### Data listing
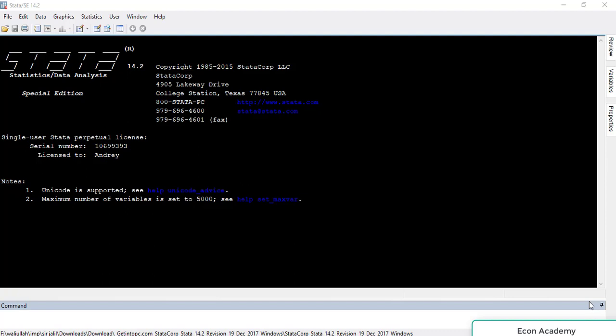Hello and welcome to my channel Econ Academy. In this tutorial I will show you how to import cross-sectional data into Stata. Please like and subscribe to my channel. Basically, Stata is made for cross-sectional data.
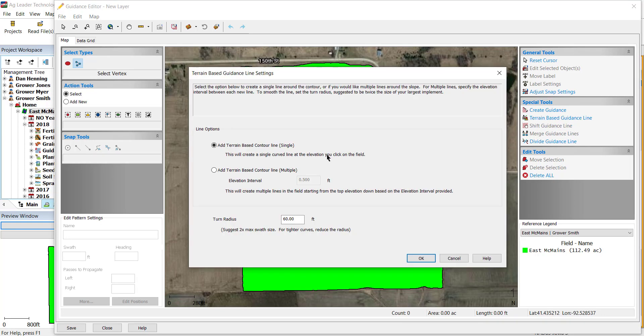This will open a new window to select the line settings. There is the option to either create a single curved line at the elevation that you select on the map, or you can create multiple terrain-based contour lines by starting at the top elevation and working down based on an elevation interval that you provide.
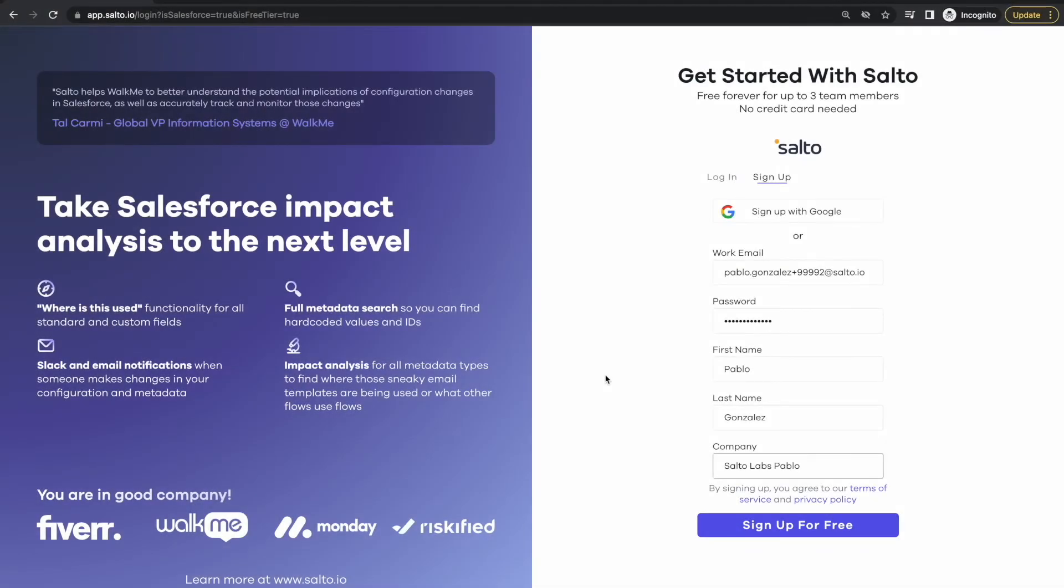The first step is to go to app.salto.io, enter your work email and your other details and then just click sign up for free.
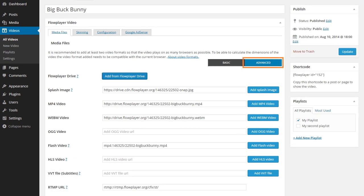By clicking on advanced, you see additional options like Flash Video and RTMP.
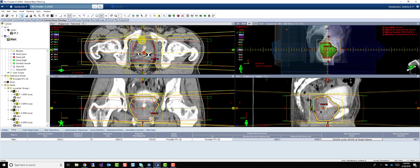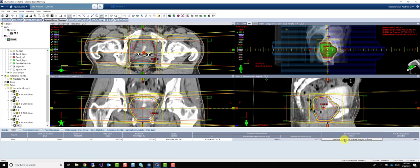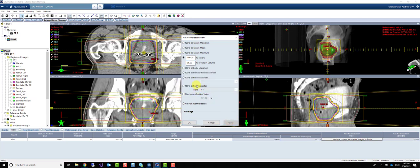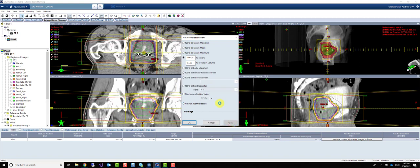You can see with that decreased margin, it's having a lot harder time covering that target. So we're not going to get such good coverage. So let's back off a little bit. We probably don't need 99.5% on our PTV.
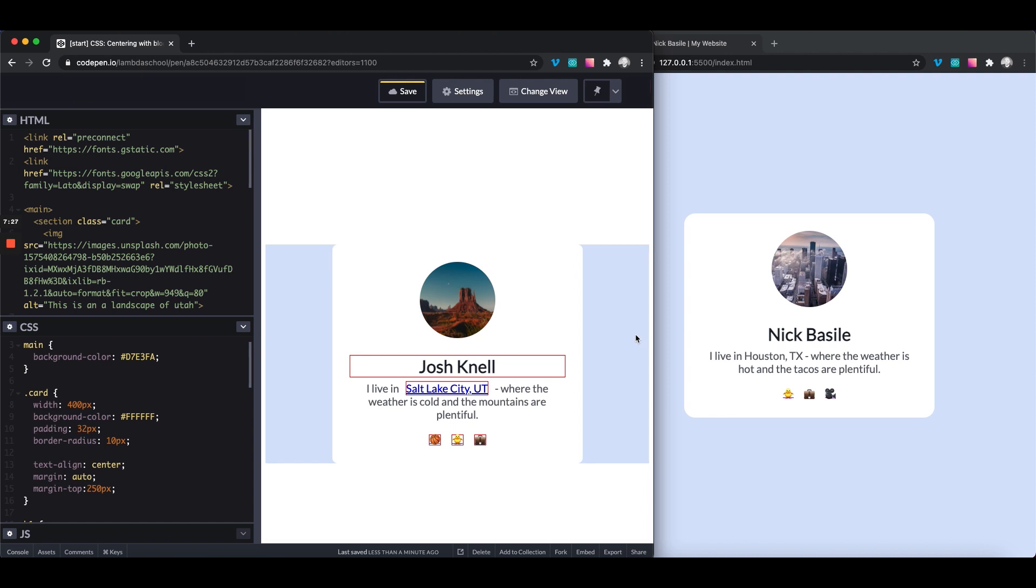We're going to be using some new layout properties, specifically a value of the display property called flex. So we're going to be talking about that in our next module. So we can learn how to vertically center as much as we've been horizontally centering and find an even better way to do this than margin auto. Stay tuned next video.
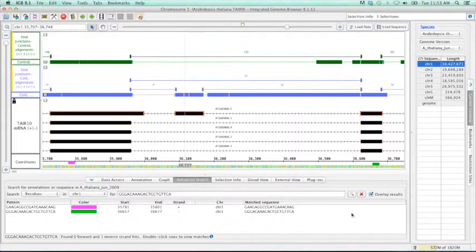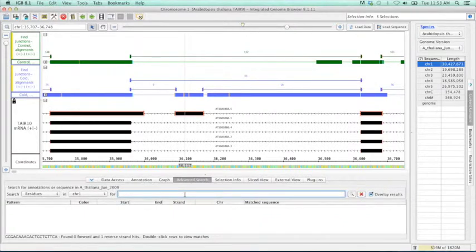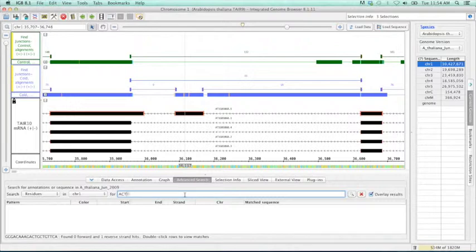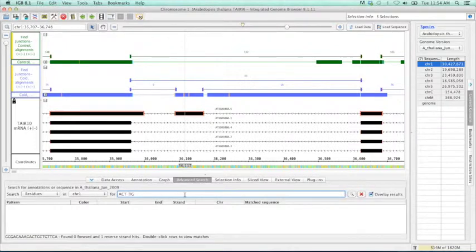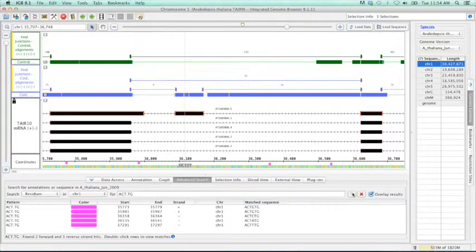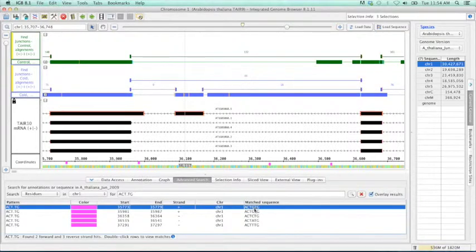For instance, let's say we wanted to search for a motif. And we know that that motif starts with ACT and ends with TG. But in the middle here, it could be anything. So in IGBI, if you use a period, this represents any nucleotide. So if we go ahead and search for this, we will see that the pattern here, and that this can be anything, and it's found these very quickly.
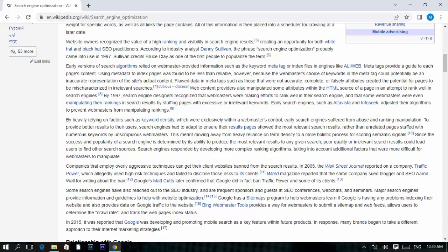By 1997, search engine designers recognized that webmasters were making efforts to rank well in their search engines, and that some webmasters were even manipulating their rankings by stuffing pages with excessive or irrelevant keywords. Early search engines such as AltaVista and Infoseek adjusted their algorithms to prevent webmasters from manipulating rankings by focusing on factors such as keyword density, which were within webmaster control. As a result, early search engines suffered from abuse and ranking manipulation.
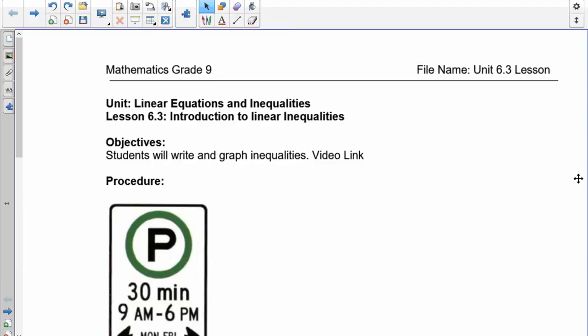Good morning grade nines. Today we're going to talk about inequalities. Inequalities are different than equations because an equation only has one answer, whereas inequalities can have a range of answers.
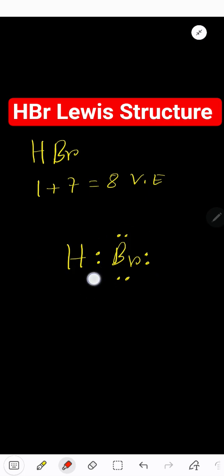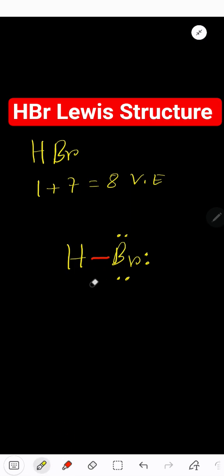We can replace these two dots by a line. So this is also the Lewis dot structure or Lewis structure.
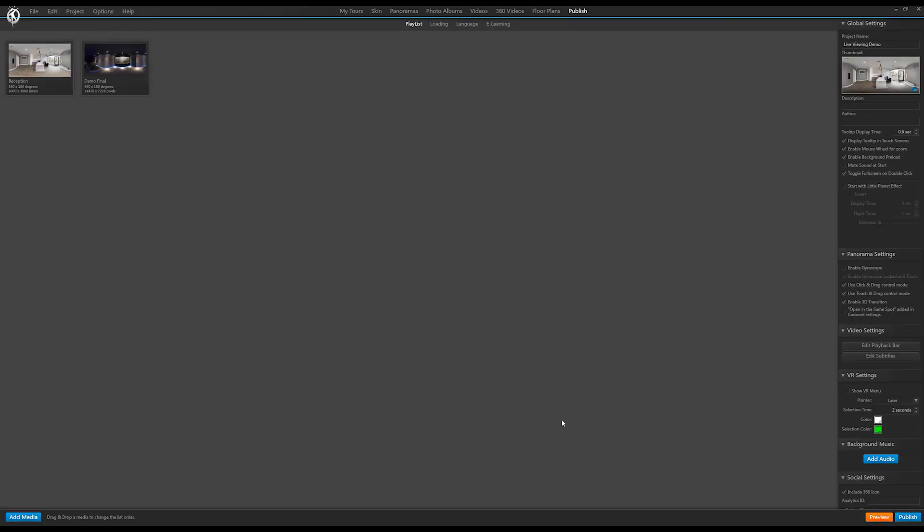Okay, so here we are in the 3D Vista screen. This is going to be quite a quick one, but I just wanted to show you how easy this feature is going to be once it all goes live. I'm not sure how long it will be until it's fully done and through beta stage, but they normally push things out pretty quickly.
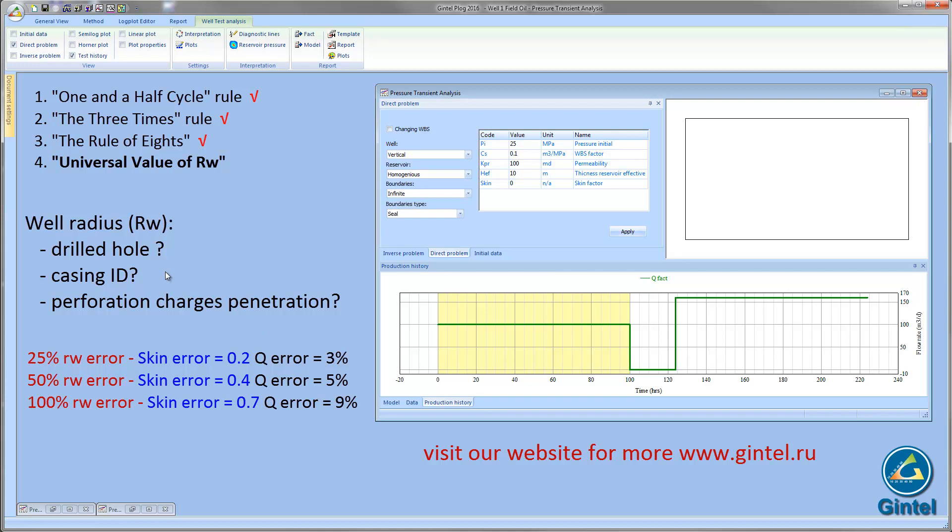Finally, in spite of the extensive use of the advanced automated well test analysis software, sometimes the rules of thumb may be very handy and appropriate for a quick data analysis.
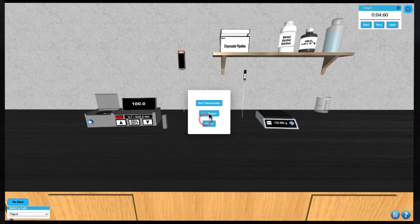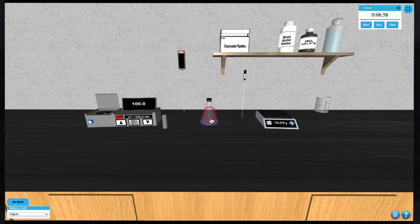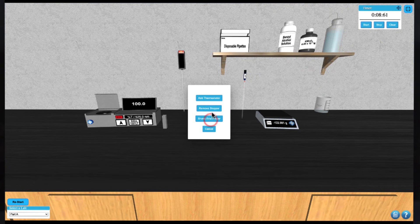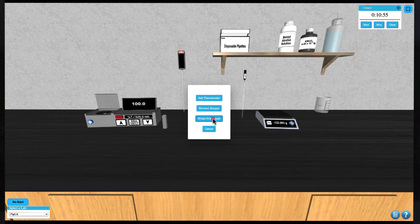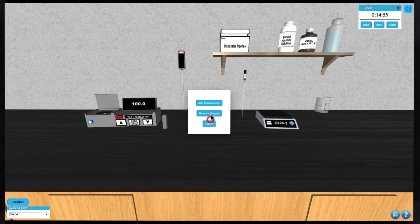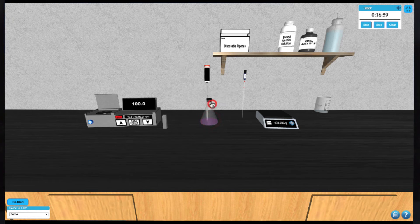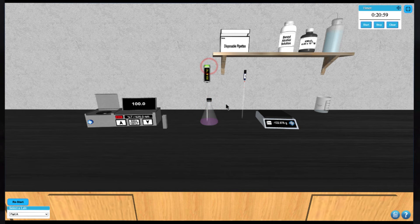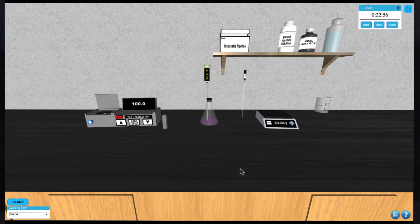You can now click on the Erlenmeyer and add a stopper and click it again to shake it. Click on the Erlenmeyer to add the thermometer at any point to get a temperature reading.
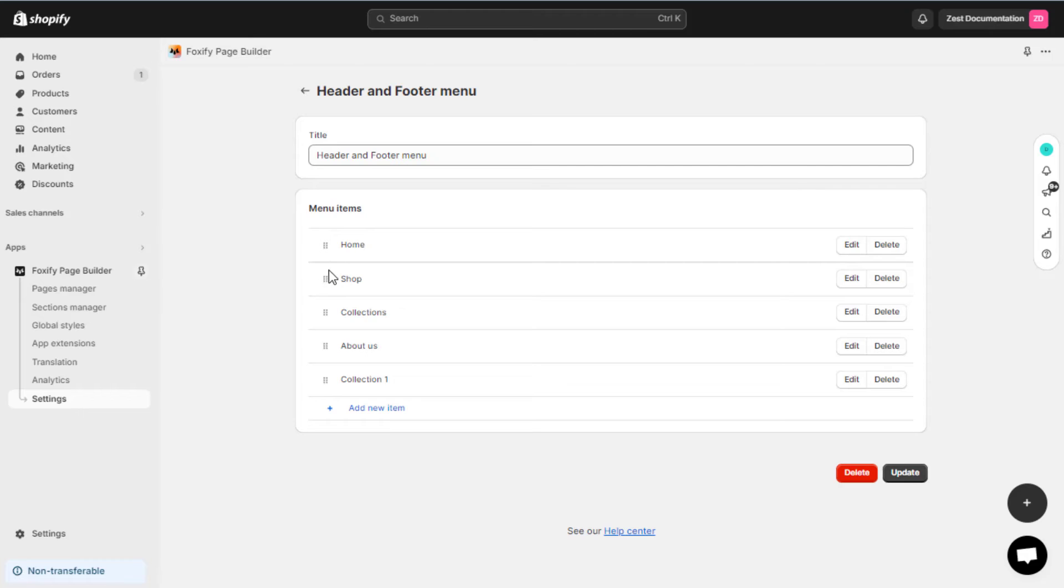You can view and change the display order of menu items on the menus page. Moreover, you can also drag and drop them to create child menu items.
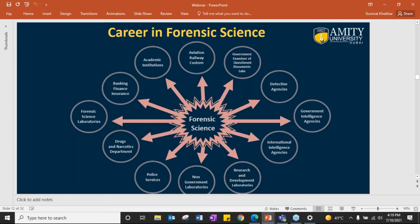The term 'forensic scientist' doesn't describe a single job title — it is a host of forensic specialties that apply expertise to legal questions. Forensic science doesn't provide us with answers; it helps us frame questions to which we have to find answers — why, how, what. When you see a red spot on a table, the first question is whether it is blood or not. The career in forensic science is endless.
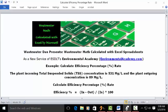This is the standard formula for calculating efficiency percentage. You take the incoming concentration in mg per liter, subtract the outgoing concentration in mg per liter, take that net number and divide it by the incoming concentration in mg per liter, then multiply by 100 to express your answer as a percent.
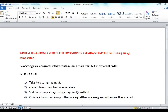The fourth step is to compare the two character arrays. If they are equal, the strings are anagrams; otherwise they are not. The logic is very simple: take two strings, convert them to character arrays, sort them, and finally compare the two arrays.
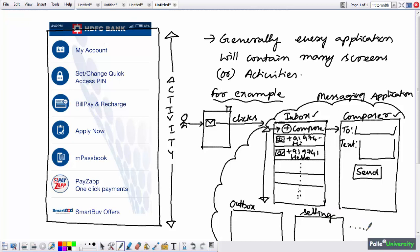If someone says they have developed an application without using any of these components, it is almost illogical, because most applications will have at least one screen to display output — and one screen means at least one Activity. However, it is not strictly mandatory; there may be some scenarios where an application has no Activity at all, which we will cover in later sessions.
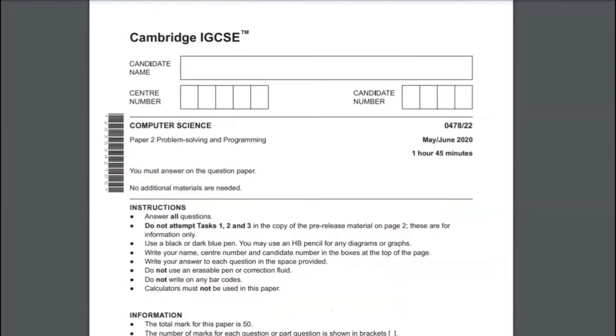Hello guys. In this video we are going to solve section B of paper 2 in computer science, and the paper code is May/June 2020. So without further ado, let's start.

### Task requirements
Copy the records shown above in their entirety and exactly; images are to be left out.

### Response box
Hello and welcome to my channel Econ Academy. In this tutorial I will show you how to import cross-sectional data into Stata. Please like and subscribe to my channel. Basically, Stata is made for cross-sectional data.
This will open a new window to select the line settings. There is the option to either create a single curved line at the elevation that you select on the map, or you can create multiple terrain-based contour lines by starting at the top elevation and working down based on an elevation interval that you provide.
The first step is to go to app.salto.io, enter your work email and your other details and then just click sign up for free.
By clicking on advanced, you see additional options like Flash Video and RTMP.
You can see with that decreased margin, it's having a lot harder time covering that target. So we're not going to get such good coverage. So let's back off a little bit. We probably don't need 99.5% on our PTV.
We're going to be using some new layout properties, specifically a value of the display property called flex. So we're going to be talking about that in our next module. So we can learn how to vertically center as much as we've been horizontally centering and find an even better way to do this than margin auto. Stay tuned next video.
For instance, let's say we wanted to search for a motif. And we know that that motif starts with ACT and ends with TG. But in the middle here, it could be anything. So in IGBI, if you use a period, this represents any nucleotide. So if we go ahead and search for this, we will see that the pattern here, and that this can be anything, and it's found these very quickly.
By 1997, search engine designers recognized that webmasters were making efforts to rank well in their search engines, and that some webmasters were even manipulating their rankings by stuffing pages with excessive or irrelevant keywords. Early search engines such as AltaVista and Infoseek adjusted their algorithms to prevent webmasters from manipulating rankings by focusing on factors such as keyword density, which were within webmaster control. As a result, early search engines suffered from abuse and ranking manipulation.
Good morning grade nines. Today we're going to talk about inequalities. Inequalities are different than equations because an equation only has one answer, whereas inequalities can have a range of answers.
We can replace these two dots by a line. So this is also the Lewis dot structure or Lewis structure.
Okay, so here we are in the 3D Vista screen. This is going to be quite a quick one, but I just wanted to show you how easy this feature is going to be once it all goes live. I'm not sure how long it will be until it's fully done and through beta stage, but they normally push things out pretty quickly.
Finally, in spite of the extensive use of the advanced automated well test analysis software, sometimes the rules of thumb may be very handy and appropriate for a quick data analysis.
You can now click on the Erlenmeyer and add a stopper and click it again to shake it. Click on the Erlenmeyer to add the thermometer at any point to get a temperature reading.
You can view and change the display order of menu items on the menus page. Moreover, you can also drag and drop them to create child menu items.
The term 'forensic scientist' doesn't describe a single job title — it is a host of forensic specialties that apply expertise to legal questions. Forensic science doesn't provide us with answers; it helps us frame questions to which we have to find answers — why, how, what. When you see a red spot on a table, the first question is whether it is blood or not. The career in forensic science is endless.
This is the standard formula for calculating efficiency percentage. You take the incoming concentration in mg per liter, subtract the outgoing concentration in mg per liter, take that net number and divide it by the incoming concentration in mg per liter, then multiply by 100 to express your answer as a percent.
The fourth step is to compare the two character arrays. If they are equal, the strings are anagrams; otherwise they are not. The logic is very simple: take two strings, convert them to character arrays, sort them, and finally compare the two arrays.
If someone says they have developed an application without using any of these components, it is almost illogical, because most applications will have at least one screen to display output — and one screen means at least one Activity. However, it is not strictly mandatory; there may be some scenarios where an application has no Activity at all, which we will cover in later sessions.
Hello guys. In this video we are going to solve section B of paper 2 in computer science, and the paper code is May/June 2020. So without further ado, let's start.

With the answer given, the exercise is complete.